Naive Automated Machine Learning
Felix Mohr, Marcel Wever

TL;DR
Naive AutoML simplifies the pipeline optimization process by independently selecting the best algorithms for each component, resulting in a reduced search space and competitive performance compared to more complex methods.
Contribution
It introduces a naive approach that optimizes pipeline components in isolation, challenging the assumption that joint optimization is always necessary.
Findings
Naive AutoML achieves comparable or better results than state-of-the-art methods.
The approach significantly reduces search space complexity.

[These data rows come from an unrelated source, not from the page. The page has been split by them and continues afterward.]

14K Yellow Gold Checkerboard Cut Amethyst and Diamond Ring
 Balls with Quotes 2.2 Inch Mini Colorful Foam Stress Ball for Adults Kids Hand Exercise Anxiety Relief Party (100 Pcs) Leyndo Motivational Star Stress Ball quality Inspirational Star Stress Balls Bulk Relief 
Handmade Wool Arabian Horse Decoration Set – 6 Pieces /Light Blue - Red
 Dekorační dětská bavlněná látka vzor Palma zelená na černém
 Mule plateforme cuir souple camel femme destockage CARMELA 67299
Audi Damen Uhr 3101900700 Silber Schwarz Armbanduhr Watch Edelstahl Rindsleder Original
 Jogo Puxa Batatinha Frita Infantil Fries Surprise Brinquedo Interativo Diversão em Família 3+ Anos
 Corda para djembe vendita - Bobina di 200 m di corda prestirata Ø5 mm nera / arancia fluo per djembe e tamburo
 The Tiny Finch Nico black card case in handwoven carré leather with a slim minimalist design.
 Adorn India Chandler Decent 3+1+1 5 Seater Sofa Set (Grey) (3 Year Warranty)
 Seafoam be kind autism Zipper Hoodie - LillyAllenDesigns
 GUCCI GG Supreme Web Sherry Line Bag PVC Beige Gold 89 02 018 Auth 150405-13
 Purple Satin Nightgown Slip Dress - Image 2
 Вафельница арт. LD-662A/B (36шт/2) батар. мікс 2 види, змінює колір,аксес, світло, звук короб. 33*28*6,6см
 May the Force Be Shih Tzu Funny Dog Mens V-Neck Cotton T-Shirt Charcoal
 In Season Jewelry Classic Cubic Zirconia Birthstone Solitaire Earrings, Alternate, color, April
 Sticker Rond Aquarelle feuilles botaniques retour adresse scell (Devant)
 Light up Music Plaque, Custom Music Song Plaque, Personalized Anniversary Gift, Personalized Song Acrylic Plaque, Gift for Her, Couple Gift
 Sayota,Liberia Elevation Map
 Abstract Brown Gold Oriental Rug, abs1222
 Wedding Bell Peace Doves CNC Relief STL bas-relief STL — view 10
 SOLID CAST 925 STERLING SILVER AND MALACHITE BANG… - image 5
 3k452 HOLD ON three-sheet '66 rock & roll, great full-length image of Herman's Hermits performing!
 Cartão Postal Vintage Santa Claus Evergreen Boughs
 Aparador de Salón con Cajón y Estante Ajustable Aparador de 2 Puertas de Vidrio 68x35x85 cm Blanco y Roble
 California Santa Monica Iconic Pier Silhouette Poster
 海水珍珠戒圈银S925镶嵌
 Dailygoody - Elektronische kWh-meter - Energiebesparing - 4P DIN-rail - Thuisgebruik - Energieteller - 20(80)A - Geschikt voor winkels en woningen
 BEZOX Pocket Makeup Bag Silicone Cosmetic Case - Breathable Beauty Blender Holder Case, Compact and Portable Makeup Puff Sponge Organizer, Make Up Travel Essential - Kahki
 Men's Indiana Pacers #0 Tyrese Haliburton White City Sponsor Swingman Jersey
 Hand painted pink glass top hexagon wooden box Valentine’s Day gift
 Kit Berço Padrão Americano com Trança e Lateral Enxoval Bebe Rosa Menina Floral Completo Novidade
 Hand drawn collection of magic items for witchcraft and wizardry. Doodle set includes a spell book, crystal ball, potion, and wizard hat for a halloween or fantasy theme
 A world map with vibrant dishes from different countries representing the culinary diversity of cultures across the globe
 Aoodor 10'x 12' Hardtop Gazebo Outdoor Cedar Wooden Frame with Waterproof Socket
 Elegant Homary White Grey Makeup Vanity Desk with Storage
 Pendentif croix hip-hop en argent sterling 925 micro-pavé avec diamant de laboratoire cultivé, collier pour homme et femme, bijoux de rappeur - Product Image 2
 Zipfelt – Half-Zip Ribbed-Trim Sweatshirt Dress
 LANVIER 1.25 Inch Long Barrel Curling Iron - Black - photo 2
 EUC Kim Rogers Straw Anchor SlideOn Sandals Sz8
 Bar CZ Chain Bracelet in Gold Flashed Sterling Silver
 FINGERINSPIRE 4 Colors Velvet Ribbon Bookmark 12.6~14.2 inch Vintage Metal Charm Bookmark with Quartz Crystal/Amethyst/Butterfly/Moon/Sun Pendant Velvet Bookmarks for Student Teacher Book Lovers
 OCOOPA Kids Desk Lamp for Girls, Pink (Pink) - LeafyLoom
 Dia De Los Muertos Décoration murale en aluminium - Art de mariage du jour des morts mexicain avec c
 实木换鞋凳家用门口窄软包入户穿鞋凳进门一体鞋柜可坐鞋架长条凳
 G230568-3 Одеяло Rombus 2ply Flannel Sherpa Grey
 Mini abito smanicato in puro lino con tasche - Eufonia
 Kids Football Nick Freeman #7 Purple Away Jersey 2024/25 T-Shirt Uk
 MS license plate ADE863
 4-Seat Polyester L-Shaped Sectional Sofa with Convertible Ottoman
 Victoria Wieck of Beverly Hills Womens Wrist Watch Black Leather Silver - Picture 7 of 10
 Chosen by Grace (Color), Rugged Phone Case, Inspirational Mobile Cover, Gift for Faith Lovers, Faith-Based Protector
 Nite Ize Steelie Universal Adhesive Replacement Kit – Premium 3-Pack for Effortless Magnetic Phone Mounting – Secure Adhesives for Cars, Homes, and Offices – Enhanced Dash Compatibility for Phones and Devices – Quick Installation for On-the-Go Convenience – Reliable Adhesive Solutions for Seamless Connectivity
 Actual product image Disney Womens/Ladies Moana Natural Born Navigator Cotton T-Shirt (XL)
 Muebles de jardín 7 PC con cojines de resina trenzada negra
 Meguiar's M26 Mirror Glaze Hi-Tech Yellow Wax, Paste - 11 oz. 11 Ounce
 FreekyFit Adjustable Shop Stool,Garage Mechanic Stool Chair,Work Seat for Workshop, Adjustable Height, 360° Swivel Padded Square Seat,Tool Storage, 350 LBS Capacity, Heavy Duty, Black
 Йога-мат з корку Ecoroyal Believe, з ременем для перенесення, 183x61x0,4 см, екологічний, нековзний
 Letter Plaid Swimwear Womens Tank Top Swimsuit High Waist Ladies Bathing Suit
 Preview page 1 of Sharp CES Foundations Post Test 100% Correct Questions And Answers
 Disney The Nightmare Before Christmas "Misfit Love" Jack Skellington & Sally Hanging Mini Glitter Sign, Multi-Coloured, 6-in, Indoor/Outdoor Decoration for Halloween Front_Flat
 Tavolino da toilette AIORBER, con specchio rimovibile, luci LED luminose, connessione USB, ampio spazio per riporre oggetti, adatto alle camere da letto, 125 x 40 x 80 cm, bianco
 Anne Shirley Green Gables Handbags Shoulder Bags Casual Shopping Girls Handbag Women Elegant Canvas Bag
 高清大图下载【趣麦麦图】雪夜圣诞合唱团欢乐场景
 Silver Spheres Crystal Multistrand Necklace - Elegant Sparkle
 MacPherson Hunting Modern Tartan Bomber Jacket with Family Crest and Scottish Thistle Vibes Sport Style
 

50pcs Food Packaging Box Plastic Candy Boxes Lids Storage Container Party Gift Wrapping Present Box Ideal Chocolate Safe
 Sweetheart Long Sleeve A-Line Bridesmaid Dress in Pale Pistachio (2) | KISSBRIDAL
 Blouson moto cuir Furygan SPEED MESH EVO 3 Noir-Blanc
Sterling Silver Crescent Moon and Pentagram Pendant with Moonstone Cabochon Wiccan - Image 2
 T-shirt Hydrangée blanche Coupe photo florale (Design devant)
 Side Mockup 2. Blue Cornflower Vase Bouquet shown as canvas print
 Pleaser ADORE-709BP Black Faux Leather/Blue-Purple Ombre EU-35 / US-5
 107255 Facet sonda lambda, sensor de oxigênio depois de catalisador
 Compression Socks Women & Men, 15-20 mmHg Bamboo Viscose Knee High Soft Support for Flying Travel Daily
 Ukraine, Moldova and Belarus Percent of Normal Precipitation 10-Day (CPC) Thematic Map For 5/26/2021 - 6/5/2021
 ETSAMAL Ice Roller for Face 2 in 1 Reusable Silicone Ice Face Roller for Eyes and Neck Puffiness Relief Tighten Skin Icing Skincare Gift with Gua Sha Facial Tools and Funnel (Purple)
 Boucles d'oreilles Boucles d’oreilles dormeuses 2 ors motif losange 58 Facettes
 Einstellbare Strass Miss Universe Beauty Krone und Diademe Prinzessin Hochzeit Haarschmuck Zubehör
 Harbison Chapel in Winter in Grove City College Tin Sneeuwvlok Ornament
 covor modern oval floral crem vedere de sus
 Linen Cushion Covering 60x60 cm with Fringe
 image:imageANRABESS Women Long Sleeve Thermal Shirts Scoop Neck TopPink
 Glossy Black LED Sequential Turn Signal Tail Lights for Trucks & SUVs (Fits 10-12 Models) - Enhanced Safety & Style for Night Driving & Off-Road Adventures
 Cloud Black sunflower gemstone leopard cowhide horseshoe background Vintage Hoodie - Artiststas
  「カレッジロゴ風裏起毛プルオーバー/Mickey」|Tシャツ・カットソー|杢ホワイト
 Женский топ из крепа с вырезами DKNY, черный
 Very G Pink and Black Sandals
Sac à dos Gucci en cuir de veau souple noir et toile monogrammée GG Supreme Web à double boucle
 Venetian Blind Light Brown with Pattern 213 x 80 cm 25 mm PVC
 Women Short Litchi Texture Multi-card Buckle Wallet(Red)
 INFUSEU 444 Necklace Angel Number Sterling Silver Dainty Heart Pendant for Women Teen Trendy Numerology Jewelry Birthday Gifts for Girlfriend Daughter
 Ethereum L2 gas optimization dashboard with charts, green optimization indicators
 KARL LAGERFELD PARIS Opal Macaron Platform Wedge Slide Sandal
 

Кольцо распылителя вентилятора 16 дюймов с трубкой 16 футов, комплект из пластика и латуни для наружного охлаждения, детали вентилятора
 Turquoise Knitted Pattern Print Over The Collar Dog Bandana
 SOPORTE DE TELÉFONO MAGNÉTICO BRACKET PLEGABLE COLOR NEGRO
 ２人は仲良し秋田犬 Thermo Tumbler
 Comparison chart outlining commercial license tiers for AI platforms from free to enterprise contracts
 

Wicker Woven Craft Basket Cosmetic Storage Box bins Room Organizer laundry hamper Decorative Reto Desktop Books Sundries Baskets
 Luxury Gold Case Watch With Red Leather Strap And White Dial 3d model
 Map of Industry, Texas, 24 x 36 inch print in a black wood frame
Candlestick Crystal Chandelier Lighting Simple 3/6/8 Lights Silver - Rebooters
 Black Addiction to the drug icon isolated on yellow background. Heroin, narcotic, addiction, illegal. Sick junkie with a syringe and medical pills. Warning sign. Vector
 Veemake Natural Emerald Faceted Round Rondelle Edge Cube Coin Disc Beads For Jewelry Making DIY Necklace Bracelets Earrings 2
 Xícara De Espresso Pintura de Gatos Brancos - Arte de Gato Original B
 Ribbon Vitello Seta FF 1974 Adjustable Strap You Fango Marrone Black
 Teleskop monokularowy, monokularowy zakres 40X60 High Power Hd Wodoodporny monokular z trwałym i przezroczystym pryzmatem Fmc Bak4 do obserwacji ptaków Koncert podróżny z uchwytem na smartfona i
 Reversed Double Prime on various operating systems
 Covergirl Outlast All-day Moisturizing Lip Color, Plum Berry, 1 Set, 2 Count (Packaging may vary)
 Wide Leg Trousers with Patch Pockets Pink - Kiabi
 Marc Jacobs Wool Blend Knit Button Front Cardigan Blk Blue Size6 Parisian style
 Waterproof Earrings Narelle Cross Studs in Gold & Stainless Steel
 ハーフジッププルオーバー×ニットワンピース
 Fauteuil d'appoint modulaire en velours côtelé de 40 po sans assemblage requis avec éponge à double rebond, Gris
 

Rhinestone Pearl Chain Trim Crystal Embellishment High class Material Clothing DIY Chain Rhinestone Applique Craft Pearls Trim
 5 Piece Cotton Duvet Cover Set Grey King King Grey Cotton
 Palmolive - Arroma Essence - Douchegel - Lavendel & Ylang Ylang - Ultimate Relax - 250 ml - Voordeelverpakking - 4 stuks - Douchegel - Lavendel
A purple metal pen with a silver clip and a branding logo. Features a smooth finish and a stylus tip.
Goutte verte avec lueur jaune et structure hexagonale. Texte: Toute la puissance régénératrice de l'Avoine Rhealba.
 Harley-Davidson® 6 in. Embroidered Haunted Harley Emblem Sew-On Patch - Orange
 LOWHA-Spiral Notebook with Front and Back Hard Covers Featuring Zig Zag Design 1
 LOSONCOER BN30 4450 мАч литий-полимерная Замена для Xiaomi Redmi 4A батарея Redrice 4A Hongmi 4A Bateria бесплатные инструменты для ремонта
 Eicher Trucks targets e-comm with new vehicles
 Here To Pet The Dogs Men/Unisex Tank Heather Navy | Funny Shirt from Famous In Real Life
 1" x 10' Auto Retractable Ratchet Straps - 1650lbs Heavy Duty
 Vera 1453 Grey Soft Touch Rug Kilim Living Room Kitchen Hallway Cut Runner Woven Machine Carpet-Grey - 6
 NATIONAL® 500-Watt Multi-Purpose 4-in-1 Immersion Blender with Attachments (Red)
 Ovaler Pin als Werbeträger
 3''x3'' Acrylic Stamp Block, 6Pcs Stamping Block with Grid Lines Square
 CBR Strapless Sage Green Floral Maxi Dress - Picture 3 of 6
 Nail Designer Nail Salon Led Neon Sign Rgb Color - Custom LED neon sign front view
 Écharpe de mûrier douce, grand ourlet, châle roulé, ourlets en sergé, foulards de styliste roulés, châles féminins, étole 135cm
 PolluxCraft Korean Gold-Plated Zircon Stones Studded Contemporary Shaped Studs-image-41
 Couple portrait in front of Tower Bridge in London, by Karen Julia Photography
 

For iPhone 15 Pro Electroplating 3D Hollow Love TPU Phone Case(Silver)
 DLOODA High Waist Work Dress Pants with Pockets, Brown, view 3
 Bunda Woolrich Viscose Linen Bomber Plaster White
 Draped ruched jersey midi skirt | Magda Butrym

Independent component optimization can be surprisingly effective.
Abstract
An essential task of Automated Machine Learning (AutoML) is the problem of automatically finding the pipeline with the best generalization performance on a given dataset. This problem has been addressed with sophisticated black-box optimization techniques such as Bayesian Optimization, Grammar-Based Genetic Algorithms, and tree search algorithms. Most of the current approaches are motivated by the assumption that optimizing the components of a pipeline in isolation may yield sub-optimal results. We present Naive AutoML, an approach that does precisely this: It optimizes the different algorithms of a pre-defined pipeline scheme in isolation. The finally returned pipeline is obtained by just taking the best algorithm of each slot. The isolated optimization leads to substantially reduced search spaces, and, surprisingly, this approach yields comparable and sometimes even better performance…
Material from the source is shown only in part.